Input: Laser image scans (data) and underlying experiment hypotheses or experiment designs (prior knowledge).
Output: Conclusions about statistical behavior of measurements and thus the the test of the hypotheses or knowledge. The results are derived automatically from data (machine learning perspective) for subsequent model fitting.
Figure 1. Microarray data processing workflow.
Microarray grid alignment and foreground separation are the basic processing steps of DNA microarray images that affect the quality of gene expression information, and hence impact our confidence in any data-derived biological conclusions. Thus, understanding microarray data processing steps becomes critical for performing optimal microarray data analysis.

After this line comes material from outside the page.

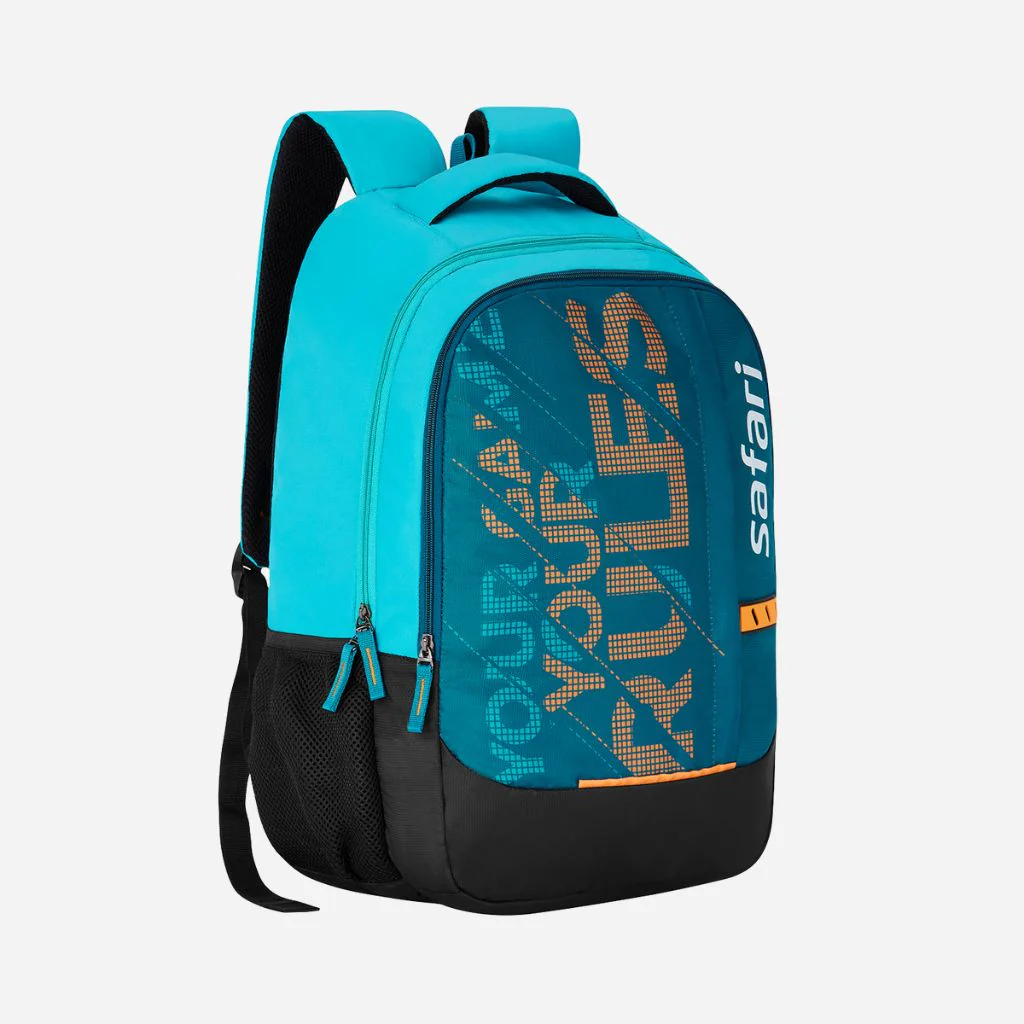 Duo 13 32L Teal School Backpack with Easy Access Pockets - Image 3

The workflow of microarray data processing starts with raw image data acquired with laser scanners and ends with the results of data mining that have to be interpreted by biologists. The microarray data processing workflow includes issues related to (1) data management (e.g., MIAME compliant database, (2) image processing (grid alignment, foreground separation, spot quality assessment, data quantification and normalization, (3) data analysis (identification of differentially expressed genes, data mining, integration with other knowledge sources, and quality and repeatability assessments of results, and (4) biological interpretation (visualization). The main objective of this project is related to image processing, namely grid alignment, foreground separation, spot quality assessment, data quantification, normalization and visualization.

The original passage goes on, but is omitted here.